The wordclouds that are produced by the algorithm is the frequency of words in the abstracts of each search query.

Installation

You can install the released version of OmixLitMiner from SIH-GIT with:

install.packages("devtools") # only if devtools is not installed
devtools::install_github("Sydney-Informatics-Hub/OmixLitMiner")

If RTools is not installed prior to downloading OmixLitMiner, you will be prompted to install it. Please do so. If you are not prompted to install it, please dowload and install it from here: RTools. After installation of RTools is done run devtools::install_github("Sydney-Informatics-Hub/OmixLitMiner") again so that the package is downloaded.

Example

Some ways of using the OmixLitMiner package is shown below. potentialmarker is a R dataframe that is part of the R package, for description of its contents, run the following R command

library(OmixLitMiner)
?potentialmarker

Ex.1. Using the R data frame provided by the package, no output spreadsheet and plots specified, the object returned from omixLitMiner() is not assigned to any variable.

library(OmixLitMiner)
result <- omixLitMiner(potentialmarker)

The result variable has 2 list elements -

  1. summary_results - Summarizes the query results
  2. pubmed_results - Summarizes the PubMed results based on the UniProt Identifiers and key words specified by the user

Ex.2. Using the R data frame provided by the package, with output spreadsheet specifed, the object returned from omixLitMiner() is not assigned to any variable.

library(OmixLitMiner)
omixLitMiner(potentialmarker)

Ex.3. Using the R data frame provided by the package, with output spreadsheet specifed.

library(OmixLitMiner)
omixLitMiner(potentialmarker, output.file = "potential_marker_pubmed_results.xlsx")

The output spread sheet with the PubMed output as well as the plots will be saved in the current working directory.

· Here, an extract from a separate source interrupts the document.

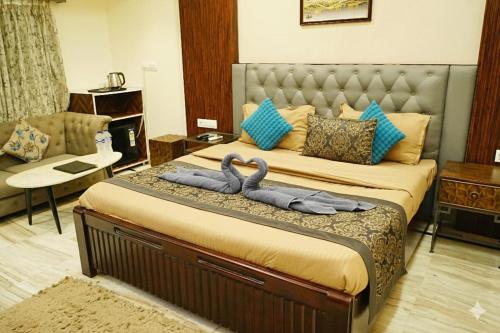 a bedroom with a bed with two swans on it at Holiday Out hotel in Jodhpur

Ex.4. Using the R data frame provided by the package, with output spreadsheet specifed, the object returned from omixLitMiner() is not assigned to any variable.

library(OmixLitMiner)
omixLitMiner(potentialmarker, output.file = "potential_marker_pubmed_results.xlsx", plots.dir = "plots")

The output spread sheet with the PubMed output will be saved in the current working directory. If an output spread sheet existed, it would be overwritten. The images generated by the package will be saved in directory "plots" in the current working directory. If no plots directory was present, a new plots directory would be created.

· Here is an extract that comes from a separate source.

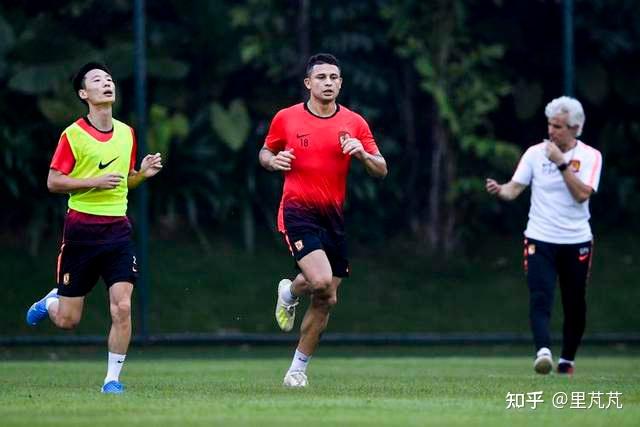 关于B体育APP:艾克森：归化球员对中国足球的文化融合与社会影响的信息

Ex.5. Reading from an Excel and converting it to a R dataframe. The Input_uniprot_Keywords.xlsx is assumed to be present at the current working directory.

library(OmixLitMiner)
library(openxlsx)
df <- readWorkbook("Input_uniprot_Keywords.xlsx")# how to read an excel file on your computer
# df <- read.csv("path/to/my/input_query.csv", stringsAsFactors = F)     # how to read a csv file on your computer
result <- omixLitMiner(df, output.file = "input_uniprot_keywords_pubmed_results.xlsx", plots.dir = "plots")

Ex.6. Reading an Excel, reading default Excel input that is provided by OmixLitMiner, and converting it to a R dataframe

library(OmixLitMiner)
library(openxlsx)

# Read in input query excel file
df <- readWorkbook(system.file("extdata", "input_uniprot_keywords.xlsx", package="OmixLitMiner")) #read demo data from package

# Query UniProt and PubMed and Return Results
result <- omixLitMiner(df, output.file = "input_uniprot_keywords_pubmed_results.xlsx", plots.dir = "plots")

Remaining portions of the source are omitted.